By a voice vote, the Senate yesterday approved giving President Bush nearly everything in his requested $87 billion package for reconstruction and military operations in Iraq and Afghanistan. The Washington Post reports the bill was one of the largest military and foreign aid bills in U.S. history. Democratic Sen. Robert Byrd of West Virginia was the only senator that could be heard saying “no” when the voice vote was held. Meanwhile, Democratic Senator Joe Biden and Republican Senator Richard Lugar have called for more troops to be sent to Iraq following the weekend violence.
In Iraq, three more U.S. soldiers have been killed over the past 24 hours in Tikrit and Baghdad. Twenty-three U.S. soldiers have already died in the first four days of November.
The Guardian of London is reporting that Iraqi resistance fighters now receive money for waging attacks on U.S. soldiers. An attack on a Humvee gets up to $300, a tank gets $700, and a downed helicopter gets $1,000.
One Iraqi told The Guardian, “Ramadan has been Allah’s gift to us. The streets are empty then, so we can attack the Americans without the possibility of killing our people.”
Spain announced today it was withdrawing most of its diplomatic staff because of security reasons. The Netherlands and Bulgaria have already made similar pullouts.

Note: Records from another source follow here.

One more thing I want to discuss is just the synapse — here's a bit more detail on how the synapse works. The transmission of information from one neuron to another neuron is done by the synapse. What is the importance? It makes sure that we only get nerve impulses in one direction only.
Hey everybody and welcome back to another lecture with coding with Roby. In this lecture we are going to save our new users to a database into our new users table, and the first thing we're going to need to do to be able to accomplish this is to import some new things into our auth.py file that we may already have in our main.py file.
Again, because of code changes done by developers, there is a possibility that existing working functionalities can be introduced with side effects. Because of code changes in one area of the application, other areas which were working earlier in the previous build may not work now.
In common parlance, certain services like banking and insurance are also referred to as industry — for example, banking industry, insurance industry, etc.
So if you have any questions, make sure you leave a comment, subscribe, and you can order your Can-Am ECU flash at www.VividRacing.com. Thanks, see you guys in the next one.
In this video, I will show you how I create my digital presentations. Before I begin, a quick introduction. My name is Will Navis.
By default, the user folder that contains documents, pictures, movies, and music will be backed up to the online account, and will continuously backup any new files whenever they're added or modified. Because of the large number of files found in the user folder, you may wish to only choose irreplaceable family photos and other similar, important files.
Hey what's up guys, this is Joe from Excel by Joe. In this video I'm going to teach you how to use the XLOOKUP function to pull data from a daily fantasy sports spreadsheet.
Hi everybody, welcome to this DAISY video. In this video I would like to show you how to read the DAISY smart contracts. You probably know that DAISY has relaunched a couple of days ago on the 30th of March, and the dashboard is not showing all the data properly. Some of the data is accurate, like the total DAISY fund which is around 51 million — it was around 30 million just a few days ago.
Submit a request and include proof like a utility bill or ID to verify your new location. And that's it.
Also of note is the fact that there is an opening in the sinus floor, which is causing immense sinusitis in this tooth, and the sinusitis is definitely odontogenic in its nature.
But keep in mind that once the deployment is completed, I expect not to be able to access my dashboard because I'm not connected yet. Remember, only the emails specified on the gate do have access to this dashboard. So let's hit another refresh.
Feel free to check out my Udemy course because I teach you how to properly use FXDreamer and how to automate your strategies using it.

In other news from Capitol Hill, the Israeli newspaper Ha’aretz is reporting the Bush administration will soon ask Congress to give Israel $2.2 billion in military assistance for the next fiscal year. That marks a $60 million increase over the current allocation.
In the business world, scandals have rocked the mutual fund industry. Yesterday, the nation’s fifth largest mutual fund company, Putnam, announced its chief executive, Lawrence Lasser, would be stepping down. Federal and state prosecutors have recently accused the company of fraud. Also yesterday, the head governmental official with the New England office of the Securities and Exchange Commission, Juan Marcelino, announced he would step down in part because his office failed to investigate problems at Putnam. Meanwhile, in congressional testimony, regulators estimated one of out every four major mutual fund brokers has been involved in illegal trading. Some 95 million Americans now have mutual fund accounts worth a total of $7 trillion.
Democratic Party hopes of regaining control of the Senate in 2004 were weakened yesterday with Democratic Florida Senator Bob Graham announcement that he would not seek re-election next year. Three other Southern Democratic senators have already announced their plans to retire next year. They are Zell Miller of Georgia, John Edwards of North Carolina and Ernest F. Hollings of South Carolina. There is also speculation that John Breaux of Louisiana may also not run.
The Indonesian government decided yesterday to extend martial law in Aceh, where 40,000 members of the Indonesian army have been waging an attack since May on members of an independence group. President Megawati Sukarnoputri had originally said that martial law would only last six months. The Washington Post estimates that the Indonesian military has killed 900 members of the Free Aceh Movement since May. During the same period, 60 Indonesian military and police personnel have been killed.
Saudi police have arrested six suspected members of al-Qaeda after a clash in Mecca that left two dead.
The New York Times is reporting that CBS is expected to announce today that it will cancel plans to run a two-part miniseries about the presidency of Ronald Reagan. This comes after Republican National Committee complained the miniseries was too critical and inaccurate. The Times notes that none of the critics had actually seen the film but based their complaints on a leaked transcript. The series will now likely run on the cable channel Showtime.